Another Swiss glacier is melting so rapidly that scientists and local operators have begun covering parts of it with protective tarpaulins in an effort to slow the rate of ice loss during the warmest months of the year.
Sections of the Gurschen Glacier (Gurschengletscher), located near the summit of Mount Gemsstock in Andermatt, Switzerland, are now being blanketed with heavy-duty insulating tarps. The peak sits at roughly 9,715 feet, where rising summer temperatures and increased solar radiation have made seasonal melting increasingly severe.
The approach is not new in Switzerland. The Rhône Glacier has been partially covered every summer since 2010 using large white geotextile blankets designed to reduce exposure to sunlight and heat. According to glaciologist David Volken, this method can reduce melting by approximately 50% to 70% in the areas that are covered.
The tarps used on Swiss glaciers are typically made from a dense fleece-like synthetic material. They work by both reflecting solar radiation and insulating the ice beneath, reducing the rate at which snow and ice absorb heat. The coverings are usually installed in spring and remain in place through to autumn, when melt rates are at their peak.
Matthias Huss, head of the Swiss Glacier Monitoring Network, has described the technique as a useful but limited intervention. The blankets, he explained, “protect the underlying snow and ice from the sunlight” while also providing thermal insulation that slows down melting.
However, Huss has also stressed the fundamental limitation of the method. Only small portions of a glacier can realistically be covered, meaning the approach can never protect an entire ice mass. While it can preserve key areas such as ski infrastructure zones, research sections, or high-value glacier surfaces, it does not stop overall glacier retreat.
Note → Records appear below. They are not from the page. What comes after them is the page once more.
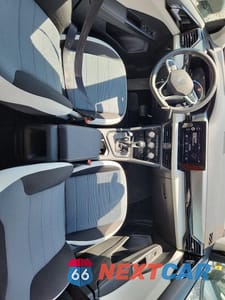 Zdjęcie 8 z 12 samochodu: 2026 VOLKSWAGEN TAOS S VIN:3VV5C7B28TM028040 - miniatura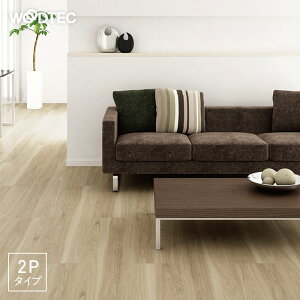 yt[OށzEbhebN AlbNXST 2P g 1*HXT2S506E HXT2S518E HXT2S519E HXT2S520E HXT2S503E HXT2S521E HXT2S517E HXT2S515E HXT2S516E HXT2S522E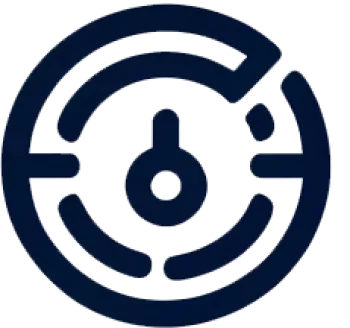 Gurgling sounds in pipes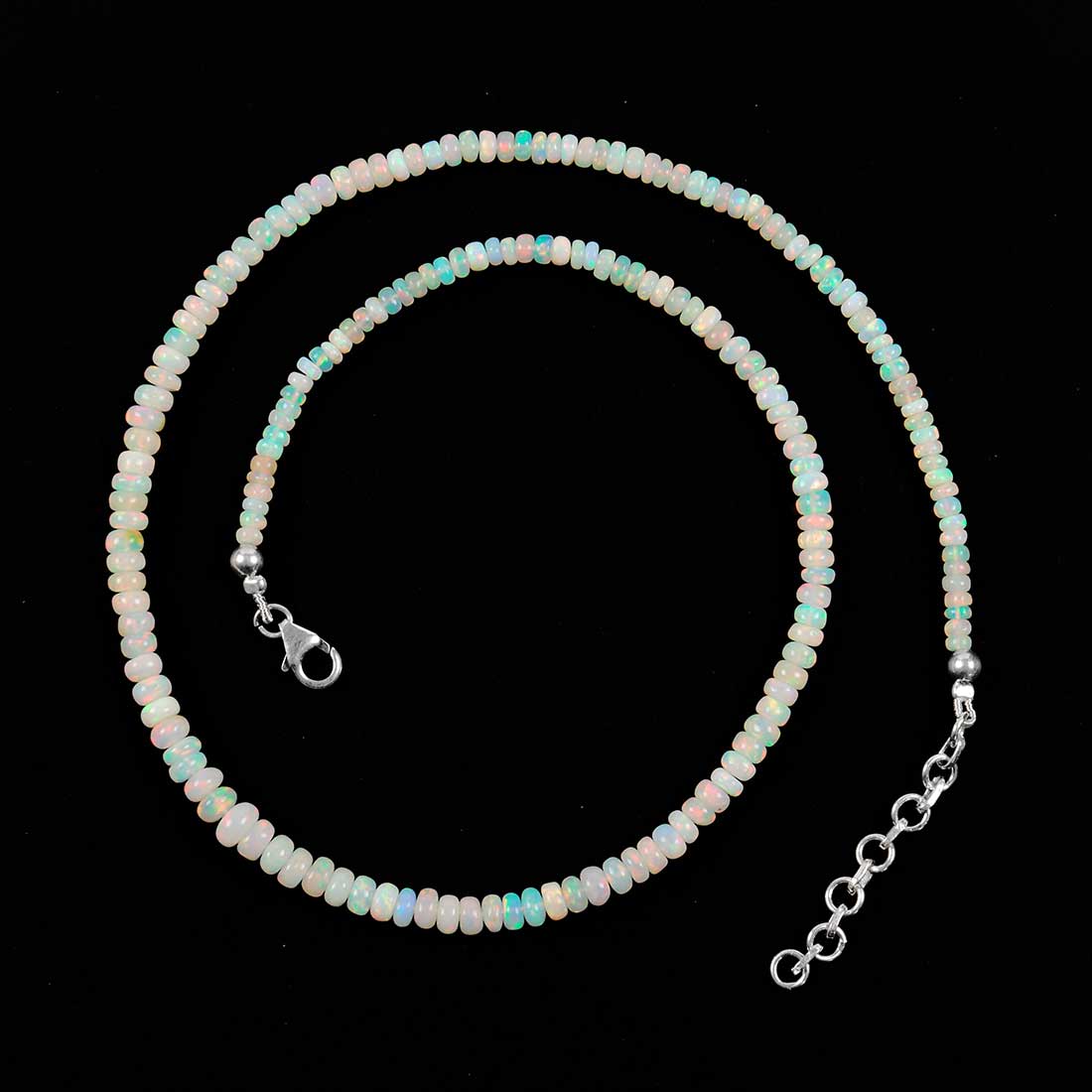 ethiopian-opal-beaded-necklaces-bdd-12-1158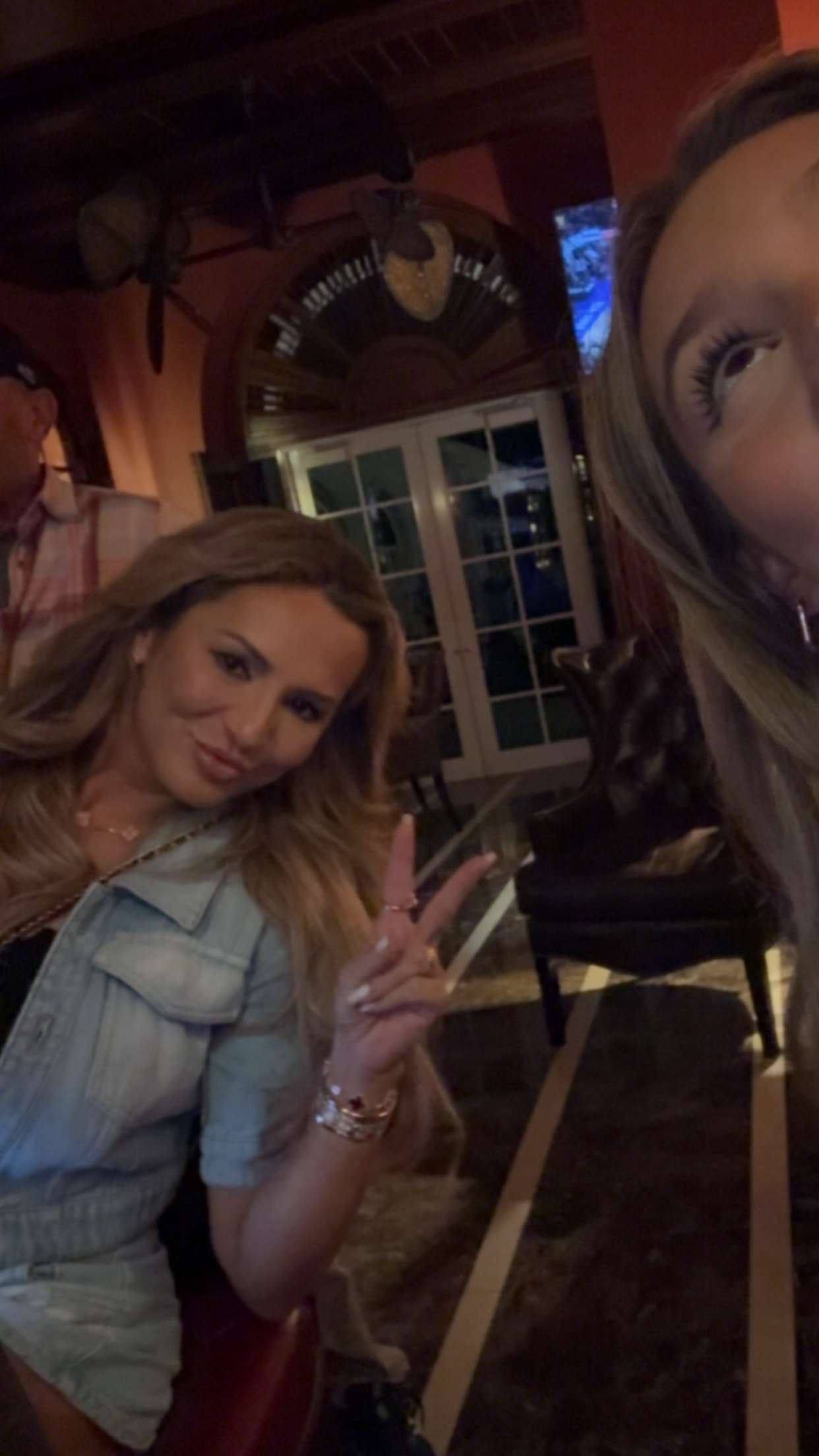 syd.shmitty snapchat image archive image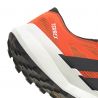 TERREX AGRAVIC SPEED 2 SEIMOR/CBLACK/LTA
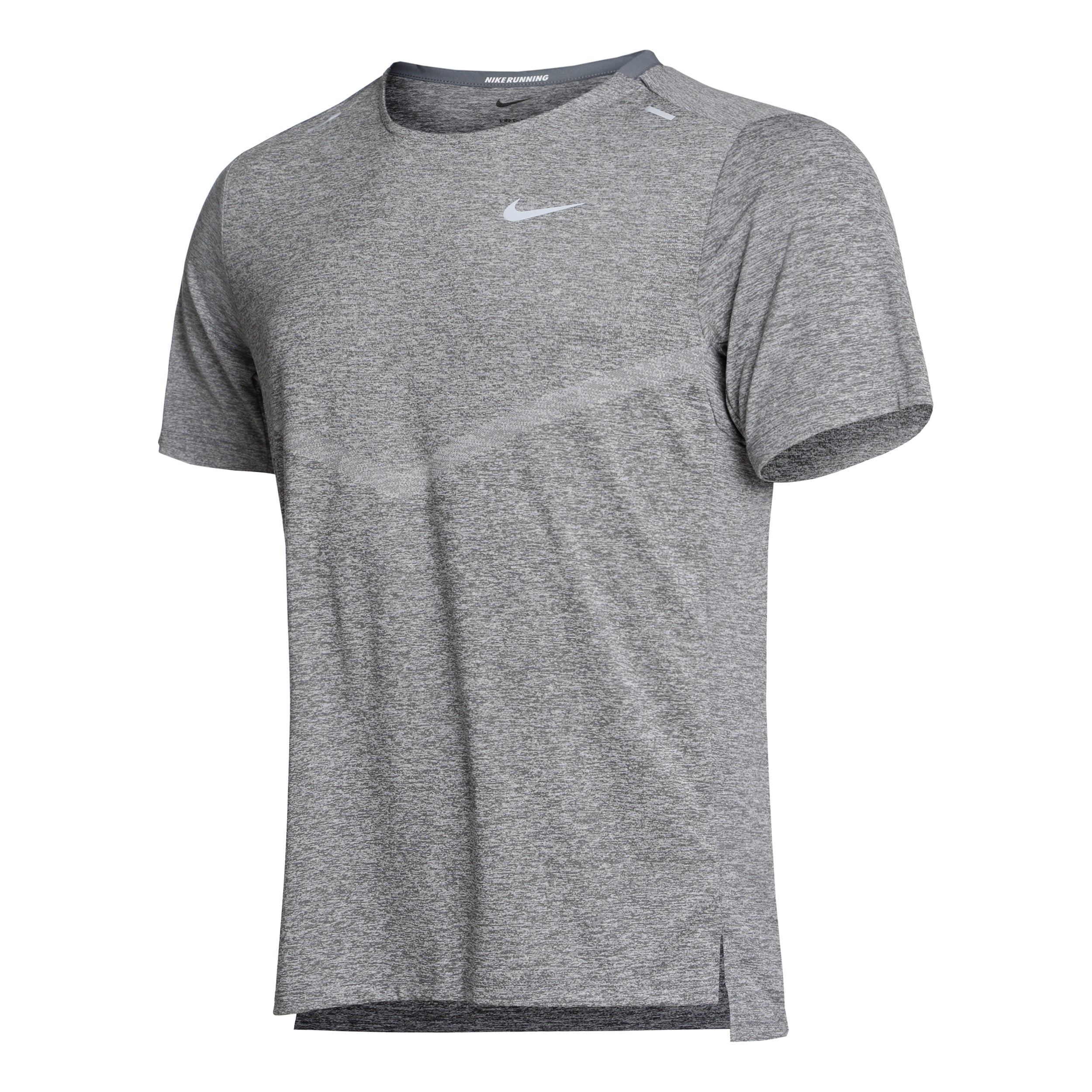 nike running tops for men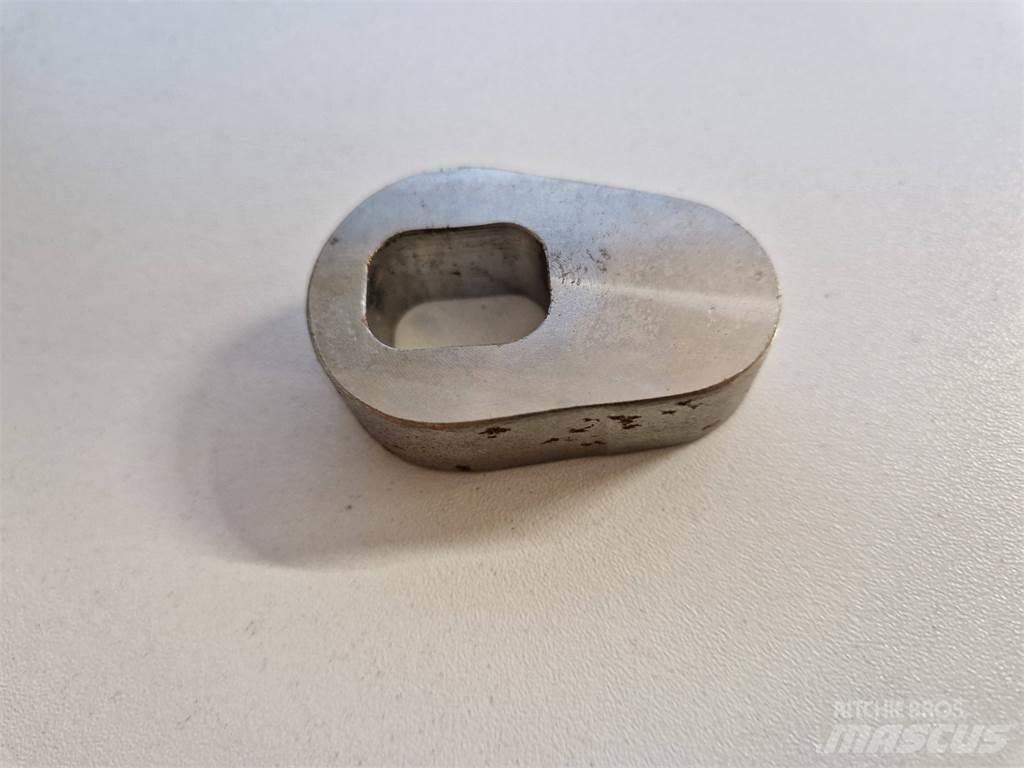 Rottne 074-0054 Prevodovka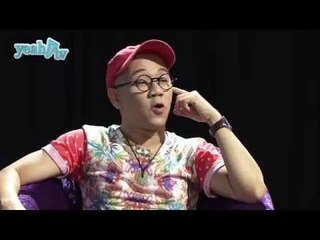 Đối Mặt - Số 1 - Nghệ sĩ Thành Lộc [Fullshow]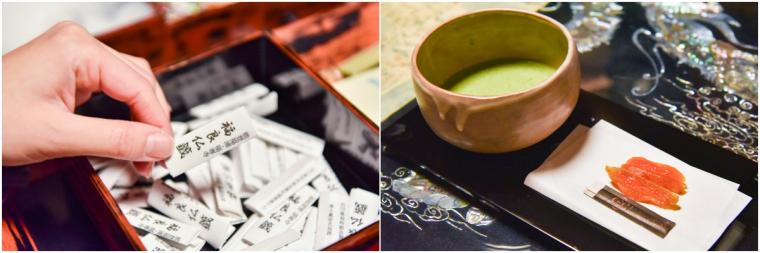 【能登観光・志賀町】自然、歴史、美食を楽しむ。日本の美しい原風景に触れる旅。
“This method will never be able to save our glaciers or counteract the negative consequences of climate change,” he has noted in previous commentary.
The use of tarpaulins on glaciers highlights the growing tension between adaptation and long-term change in the Alps. As Switzerland’s glaciers continue to retreat at an accelerating pace, these interventions are increasingly seen as temporary measures rather than solutions — preserving fragments of ice in places where entire frozen landscapes once existed.